Reached by Hyperallergic, a spokesperson for the institution cited preparations for the Smithsonian’s Our Shared Future: 250 programming as the reason for the exhibition’s premature closure. 

“The National Museum of the American Latino is participating in the Smithsonian’s celebration of the nation’s 250th anniversary and wanted to meet the spring 2026 deadline for opening the Puro Ritmo exhibition in support of the Smithsonian’s institution-wide plans,” the spokesperson said, referring to the upcoming show ¡Puro Ritmo! The Musical Journey of Salsa at the Molina gallery. “The Molina Family Latino Gallery is closed to visitors because museum staff need the space to safely de-install Presente and then transition the exhibition space into a staging area to prepare for the renovation and installation of Puro Ritmo.”  

The institution reportedly adopted the salsa-themed exhibition as a softer alternative to a planned exhibition on Latino youth movements that garnered significant conservative backlash. Before Trump’s crackdown on the Smithsonian began, that exhibition was widely criticized by conservatives who disagreed with its focus on colonization and threatened to withhold federal funding for the forthcoming museum in 2023. 

The Smithsonian spokesperson did not directly answer a question about whether Trump’s museum reviews or executive action influenced the decision to close the Molina Gallery in July. Trump has repeatedly pushed the Smithsonian to promote “unity, progress, and enduring values” in time for the country’s 250th anniversary next year. Earlier this month, the administration demanded that Smithsonian museums submit their 250th anniversary plans to “align messaging” with the White House Salute to America 250 Task Force.

Three of the works named on last week’s White House list were created by living artists who were born in Mexico, including Galindo, raising questions about how the institution will protect its Latino artists under pressure from the federal government.

When Galido learned from a staff member that the museum was “rotating” the exhibition, he told Hyperallergic he remembers thinking, “Is that a new word for censoring?” 

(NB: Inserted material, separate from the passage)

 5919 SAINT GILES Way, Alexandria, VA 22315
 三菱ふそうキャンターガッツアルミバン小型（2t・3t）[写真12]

The administration has already launched a review of exhibitions planned for the 250th anniversary of the Declaration of Independence as part of its larger probe. Trump’s government referenced the US’s 250th anniversary nine times in its letter to the Smithsonian announcing its review and forthcoming “content corrections.” 

Galindo told Hyperallergic his 1999 illustration appeared in the 2010 book Manhatitlan: An Intertwining of Mexican and American Cultures.

“It’s something that reflected, in my case, how I saw immigration at that time,” Galindo said. In the 1990s, former President Bill Clinton’s administration had cracked down on border crossings, including by installing fences. Galindo’s work contended with the increasing militarization of the border, featuring a boy peering over a red and white-striped fence at blue and white fireworks.

“I know art is very powerful and makes people ponder. That’s the idea. It’s not threatening,” Galindo said. “It’s very disheartening to see [this] from people who are in power.”